A GOES 16 infrared satellite image of the Atlantic Ocean shows Hurricane Dorian at 10:00 p.m. EDT, Sept. 4, 2019, as a Category 3 hurricane with sustained winds of 120 mph moving northwest at 6 mph near Jacksonville, Florida. Dorian is expected to impact Georgia and the Carolinas as it moves north along the Eastern Seaboard. (U.S. Navy photo via Naval Research Laboratory/Released, Flickr/Creative Commons)

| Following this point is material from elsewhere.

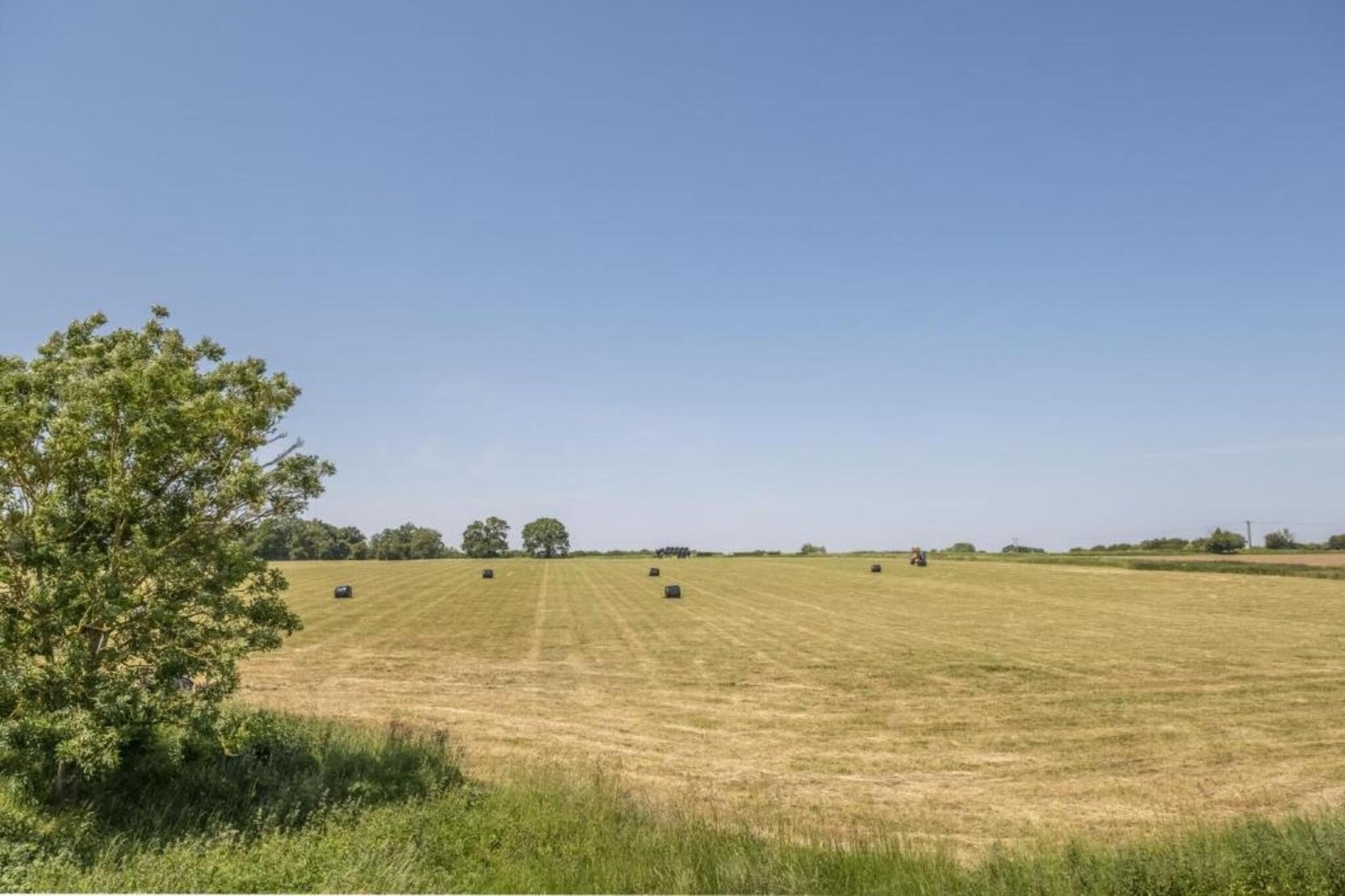 Bulrush Bell Tent-Gebiete Sommer 5 km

Hurricane Dorian has smashed into the Bahamas, causing widespread devastation and resulting in the deaths of at least 20 people. Now the tropical cyclone, dropping from a Category 5 to a Category 2 storm, is inching up the Southeastern coast of the United States. Meanwhile, a First Nations businessman is stepping in.
Ken Hill created the world’s largest private Indigenous-owned corporation, Grand River Enterprises Ltd., in 1992, located on the Six Nations of the Grand River Reserve in the province of Ontario. The cigarette manufacturer ships worldwide — namely to Germany, the Bahamas, and across the United States.
Hill has deployed three jets with hurricane relief aid to the hurricane-stricken islands, reported CBC. He has teamed up with the Dreamcatcher Foundation to send essentials — food, clean water, clothes, flashlights, etc.
Hill also counts property on the Bahamas. “They’ve been through a number of storms, but this one was the worst,” he told CBC of Hurricane Dorian. “It’s like life on the reservation. They are the less fortunate in their own country, like us, Native people….”
An estimated 14,500 people in the northern Bahamas’ Abaco Islands and some 45,700 people in Grand Bahama are in need of food, the UN World Food Programme said in a statement.
In addition to sending supplies, Grand River Enterprises is matching dollar donations made by the Dreamcatcher Foundation — which totaled $200,000 as of yesterday. Meanwhile, Wahta Natural Springs Water, a Grand River Enterprises company, based in Wahta Mohawk territory, is sending water. Other donations are coming from Costco purchases.
“Seeing the people, the little kids, the schools, and what they have gone through over the years, it hit home to me,” Hill said.
The Seminole Tribe is also sending helicopters to aid relief efforts.